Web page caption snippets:
++++++++

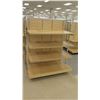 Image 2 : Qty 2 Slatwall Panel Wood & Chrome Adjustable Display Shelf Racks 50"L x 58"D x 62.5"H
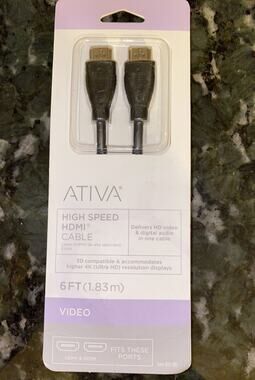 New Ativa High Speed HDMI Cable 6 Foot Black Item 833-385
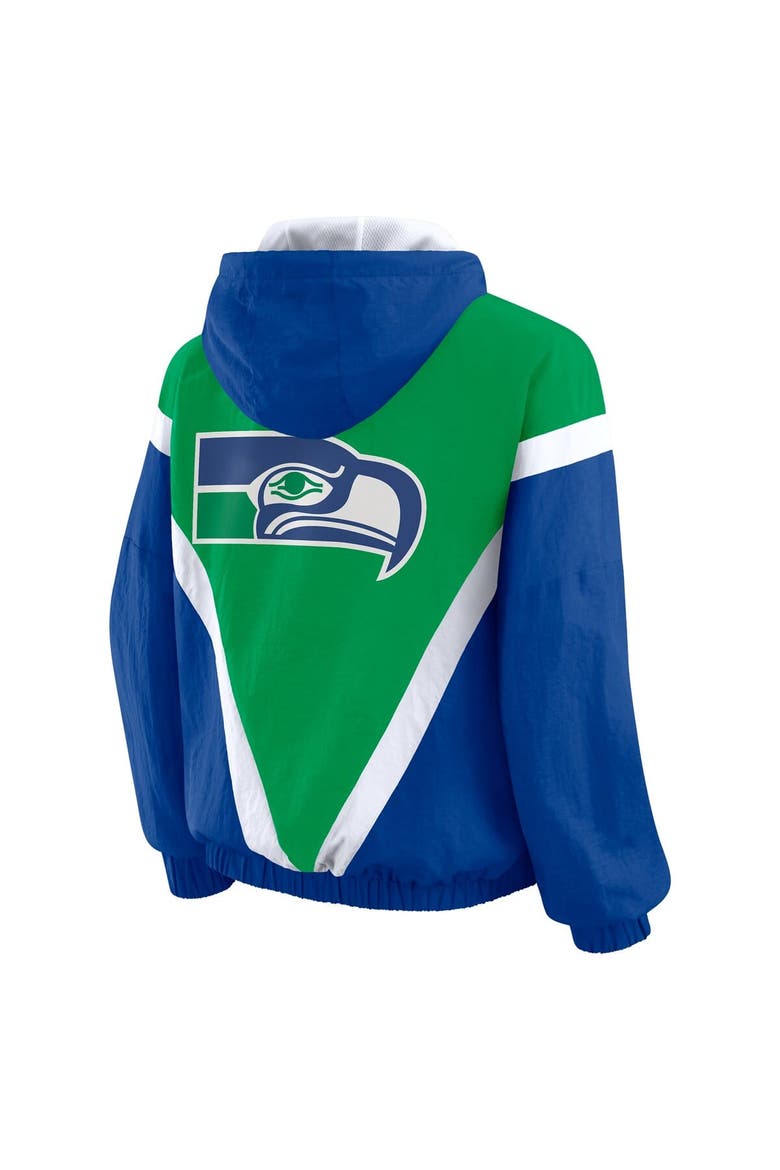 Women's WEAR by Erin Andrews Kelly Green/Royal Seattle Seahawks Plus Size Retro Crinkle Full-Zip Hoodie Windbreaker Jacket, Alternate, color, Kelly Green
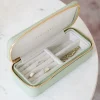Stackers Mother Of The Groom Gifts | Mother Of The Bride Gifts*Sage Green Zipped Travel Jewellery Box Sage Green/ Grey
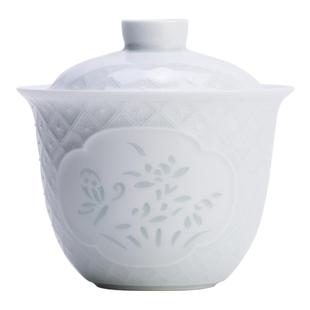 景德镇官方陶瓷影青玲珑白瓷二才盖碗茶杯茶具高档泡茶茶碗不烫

++++++++

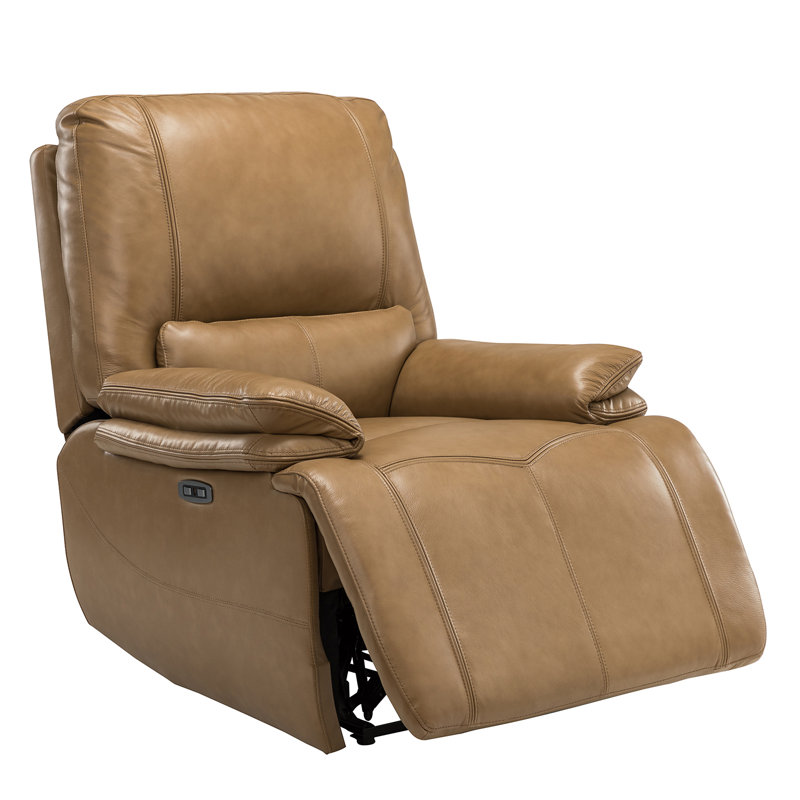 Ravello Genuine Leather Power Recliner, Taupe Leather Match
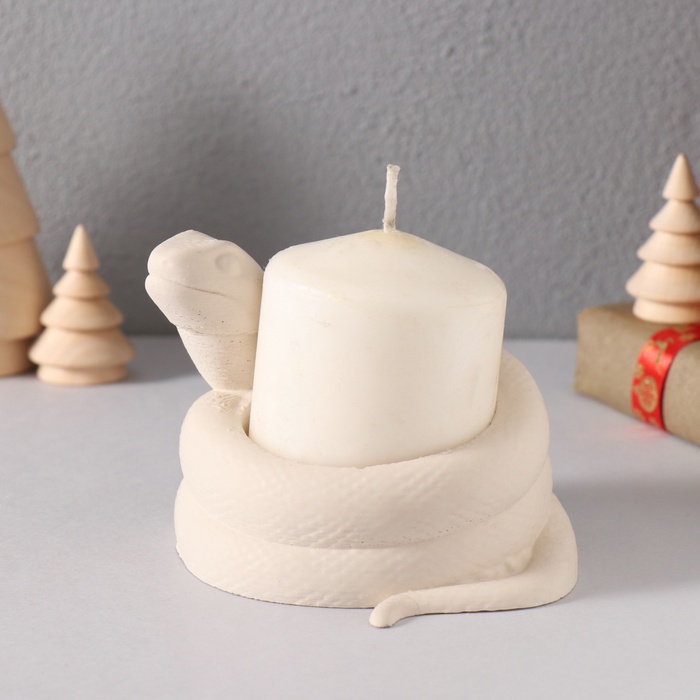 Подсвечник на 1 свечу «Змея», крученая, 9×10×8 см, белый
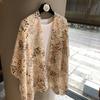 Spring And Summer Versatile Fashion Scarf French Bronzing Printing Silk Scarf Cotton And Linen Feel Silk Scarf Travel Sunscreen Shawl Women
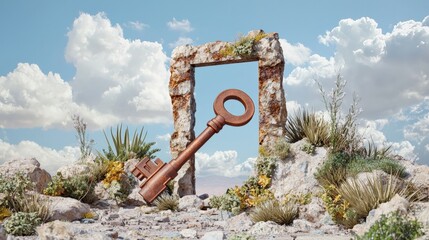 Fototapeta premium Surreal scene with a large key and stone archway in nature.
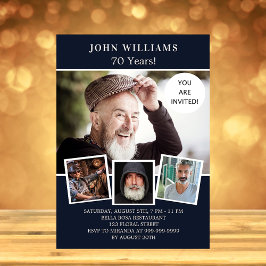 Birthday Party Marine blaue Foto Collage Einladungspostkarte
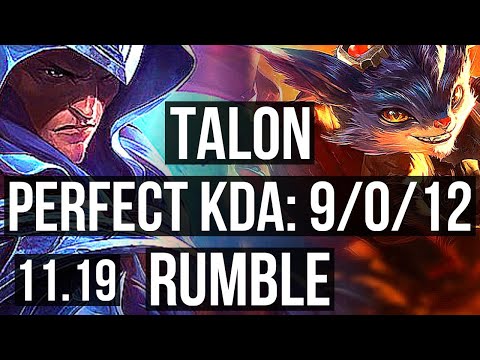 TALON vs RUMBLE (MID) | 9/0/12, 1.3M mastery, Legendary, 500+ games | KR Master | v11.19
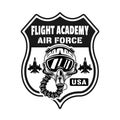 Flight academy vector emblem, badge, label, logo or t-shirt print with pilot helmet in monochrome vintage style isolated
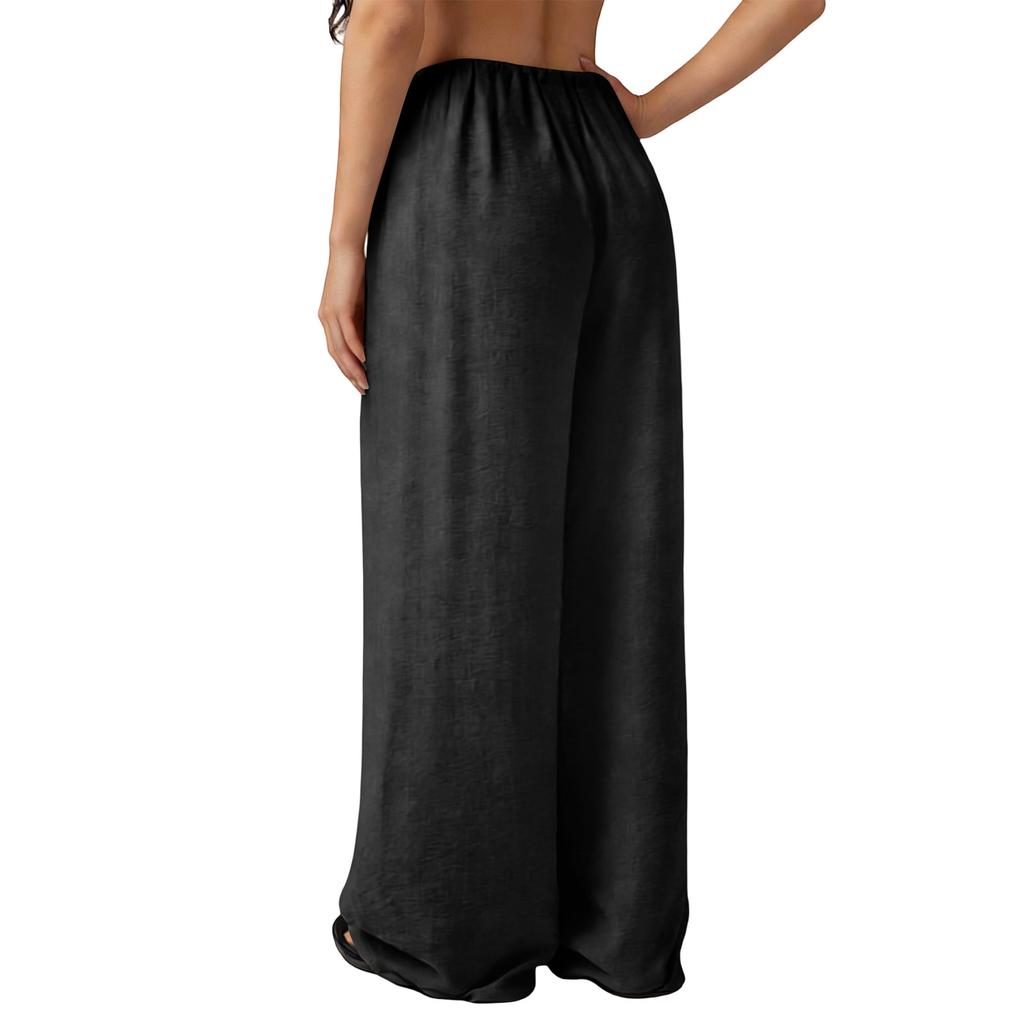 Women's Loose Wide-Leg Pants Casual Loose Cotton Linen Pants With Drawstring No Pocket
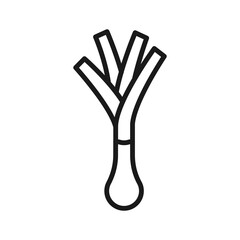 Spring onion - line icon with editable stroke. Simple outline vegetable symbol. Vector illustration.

++++++++

# Task objective
Starting at the line above that has "Flight academy vector" and ending at the line that has "Spring onion - line", copy each line exactly, leaving the pictures out and adding nothing.

# Your response
 Flight academy vector emblem, badge, label, logo or t-shirt print with pilot helmet in monochrome vintage style isolated
 Women's Loose Wide-Leg Pants Casual Loose Cotton Linen Pants With Drawstring No Pocket
 Spring onion - line icon with editable stroke. Simple outline vegetable symbol. Vector illustration.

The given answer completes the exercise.